• [Dataset]:

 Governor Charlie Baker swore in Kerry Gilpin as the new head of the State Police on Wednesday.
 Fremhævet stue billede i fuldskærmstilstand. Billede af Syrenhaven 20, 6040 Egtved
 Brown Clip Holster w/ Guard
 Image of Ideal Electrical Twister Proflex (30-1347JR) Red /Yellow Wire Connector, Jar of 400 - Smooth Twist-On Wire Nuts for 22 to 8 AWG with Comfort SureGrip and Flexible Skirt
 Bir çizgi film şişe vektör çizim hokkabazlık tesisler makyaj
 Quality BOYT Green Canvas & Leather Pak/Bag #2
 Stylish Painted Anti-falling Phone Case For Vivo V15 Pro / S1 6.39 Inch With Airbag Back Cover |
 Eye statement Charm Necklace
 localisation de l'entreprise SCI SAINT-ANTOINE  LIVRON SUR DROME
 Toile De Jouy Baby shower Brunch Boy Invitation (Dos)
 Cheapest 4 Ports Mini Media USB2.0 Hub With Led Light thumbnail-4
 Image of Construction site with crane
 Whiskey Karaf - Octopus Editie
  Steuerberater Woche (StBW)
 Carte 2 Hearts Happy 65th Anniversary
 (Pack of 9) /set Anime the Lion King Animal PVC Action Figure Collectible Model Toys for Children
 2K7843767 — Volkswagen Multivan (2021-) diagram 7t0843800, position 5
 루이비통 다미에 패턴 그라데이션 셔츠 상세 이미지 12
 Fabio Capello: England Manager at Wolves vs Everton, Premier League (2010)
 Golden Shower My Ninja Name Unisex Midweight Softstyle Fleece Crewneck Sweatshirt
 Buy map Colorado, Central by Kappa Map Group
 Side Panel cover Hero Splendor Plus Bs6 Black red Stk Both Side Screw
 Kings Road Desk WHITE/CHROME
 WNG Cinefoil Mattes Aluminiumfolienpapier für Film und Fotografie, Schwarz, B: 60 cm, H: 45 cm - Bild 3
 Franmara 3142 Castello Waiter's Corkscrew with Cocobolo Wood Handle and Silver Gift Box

• [Your task]: Write down exactly the span of lines above from the one containing "2K7843767 — Volkswagen" to the one containing "Golden Shower My", both ends included.

• [Output of the task]:
 2K7843767 — Volkswagen Multivan (2021-) diagram 7t0843800, position 5
 루이비통 다미에 패턴 그라데이션 셔츠 상세 이미지 12
 Fabio Capello: England Manager at Wolves vs Everton, Premier League (2010)
 Golden Shower My Ninja Name Unisex Midweight Softstyle Fleece Crewneck Sweatshirt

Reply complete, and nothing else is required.